Petaflop Supercomputer: What Big Questions Will it Solve?

Thanks to a big OOPS, the world is now privy to pretty specific info on the IBM-National Science Foundation deal–the one where the NSF grants IBM the right to build the world’s biggest supercomputer. Well, IBM currently holds the record with its Blue Gene/L. The next-gen super-duper will apparently take over with the larger (read “more important/costly”) condundrums of the moment. Already, according to a NYT article, there’s a line at this oracle’s gate. Magic 8-Ball….

Perhaps….Not Likely…..Ask Again Later……

BTW: define: petaflop-“one thousand trillion mathematical operations a second.” NYT, IBM Near Supercomputer Contract

Next Wave: Natural Language Search–Alternative to Keyword Centric Search Engines

What if what we’ve come to know as search were supplanted with an alternative? You’d still enter words to conjure the cyber world to commence search, but maybe it would ask for more natural language structures.
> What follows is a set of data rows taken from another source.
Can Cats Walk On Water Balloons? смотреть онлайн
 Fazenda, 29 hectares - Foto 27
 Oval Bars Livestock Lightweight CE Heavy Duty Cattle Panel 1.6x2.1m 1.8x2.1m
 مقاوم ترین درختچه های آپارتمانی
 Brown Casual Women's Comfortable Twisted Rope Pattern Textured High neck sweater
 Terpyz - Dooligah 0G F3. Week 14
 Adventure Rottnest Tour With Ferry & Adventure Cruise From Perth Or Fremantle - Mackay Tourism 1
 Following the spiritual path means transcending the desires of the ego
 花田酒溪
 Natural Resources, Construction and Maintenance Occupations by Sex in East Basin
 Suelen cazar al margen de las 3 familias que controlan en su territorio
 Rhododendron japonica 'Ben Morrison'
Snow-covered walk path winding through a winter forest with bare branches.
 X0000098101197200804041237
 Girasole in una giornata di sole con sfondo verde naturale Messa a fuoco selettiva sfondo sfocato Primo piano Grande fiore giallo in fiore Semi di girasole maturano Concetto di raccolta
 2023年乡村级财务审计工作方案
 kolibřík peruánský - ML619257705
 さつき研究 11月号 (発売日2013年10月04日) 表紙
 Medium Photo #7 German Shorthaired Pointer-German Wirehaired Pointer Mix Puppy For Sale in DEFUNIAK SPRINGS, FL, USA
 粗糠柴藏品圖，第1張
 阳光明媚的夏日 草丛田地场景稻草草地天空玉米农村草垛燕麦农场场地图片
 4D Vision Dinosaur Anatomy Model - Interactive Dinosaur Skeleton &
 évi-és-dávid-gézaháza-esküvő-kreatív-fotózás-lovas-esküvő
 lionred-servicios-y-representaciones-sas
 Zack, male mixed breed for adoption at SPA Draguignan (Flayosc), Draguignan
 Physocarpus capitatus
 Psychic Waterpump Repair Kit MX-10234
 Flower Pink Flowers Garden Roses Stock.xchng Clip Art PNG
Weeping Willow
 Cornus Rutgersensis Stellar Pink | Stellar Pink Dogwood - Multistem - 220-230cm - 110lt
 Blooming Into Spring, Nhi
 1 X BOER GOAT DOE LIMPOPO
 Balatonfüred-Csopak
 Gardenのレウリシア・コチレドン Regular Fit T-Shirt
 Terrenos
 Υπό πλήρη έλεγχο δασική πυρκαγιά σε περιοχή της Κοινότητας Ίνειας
Powerset, and others that have engaged in semantic web search, are on the leading edge of–hopefully–transforming search processes to a more “natural language processing.”

Google delivers search engine results pages (SERPS) when keywords and/or key phrases are entered into the query field. This manner of search is fast becoming second nature. We, humans, have progressed from one-word, monosyllabic keywords–when flexible and widely available search engines appeared, less than a decade ago–to multi-word, keyphrases choreographed to elicit an imagined search engine response. I enter a phrase that I have learned will likely be “understood” and acceptable to the cyber search forces, but is it natural and intuitive language?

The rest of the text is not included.